* _Exercise requirements_: Transcribe exactly the lines below that begin at the line with "Obraz premium 88.High-resolution" and stop after the line with "Foto: freeimages.com", leaving out every picture.

[[ Exercise data, beginning ]]

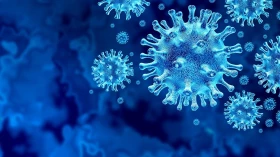 Taubaté chega ao 11º dia seguido sem registro de óbitos por Covid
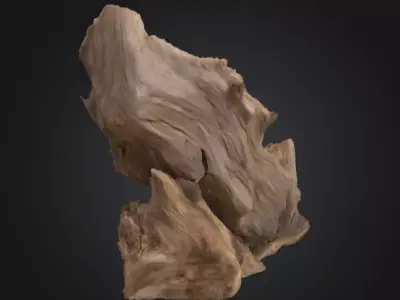 Desolate Driftwood Low-poly 3D model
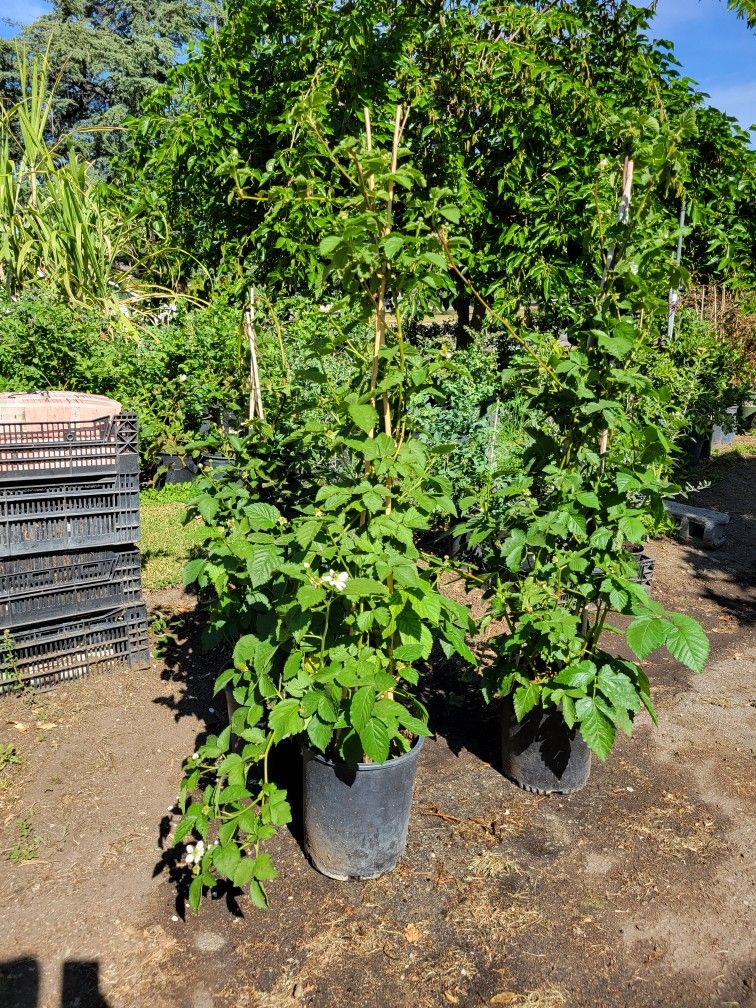 Blackberry Tree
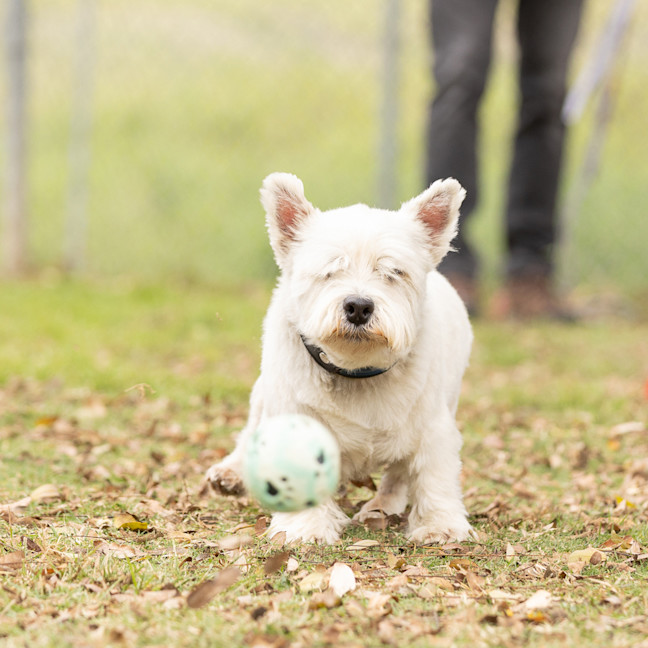 Photo of Scottie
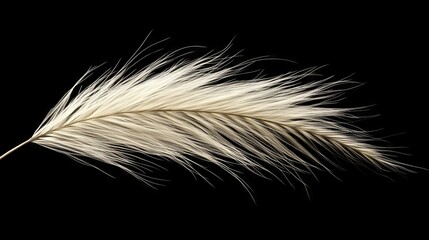 Obraz premium 88.High-resolution image of Mexican feather grass in a frontal view, showing its thin, delicate blades arranged in a soft, flowing form; each fine strand appears feathery and light, adding a sense of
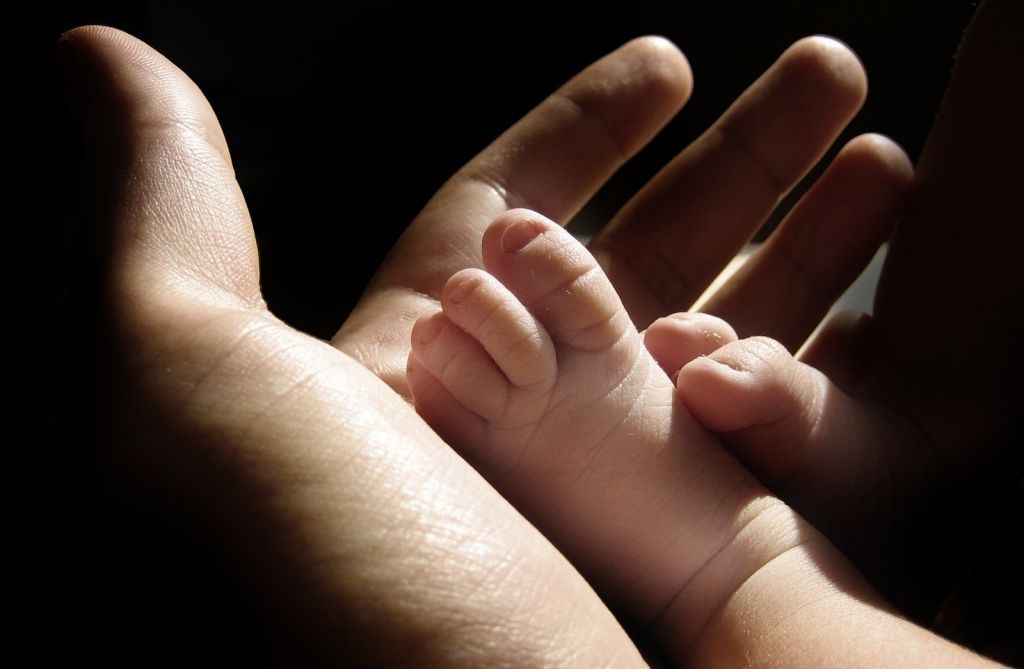 Foto: freeimages.com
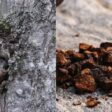 Cogumelo Chaga: conheça o fungo que pode combater o câncer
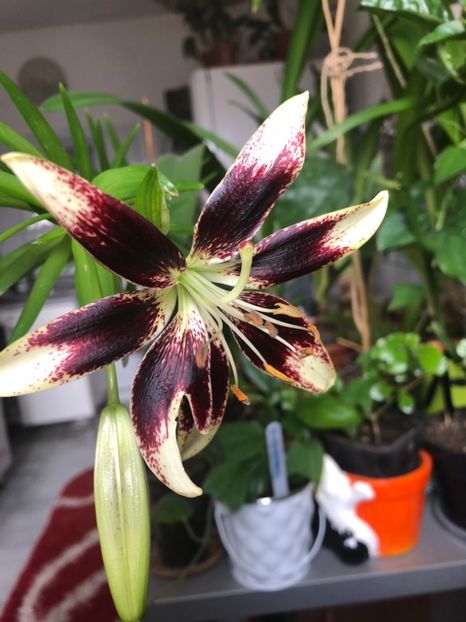 7A296CD8-6EEE-480B-A9B7-C130332CF26C - 2019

[[ Exercise data, end ]]

* _Result_:
 Obraz premium 88.High-resolution image of Mexican feather grass in a frontal view, showing its thin, delicate blades arranged in a soft, flowing form; each fine strand appears feathery and light, adding a sense of
 Foto: freeimages.com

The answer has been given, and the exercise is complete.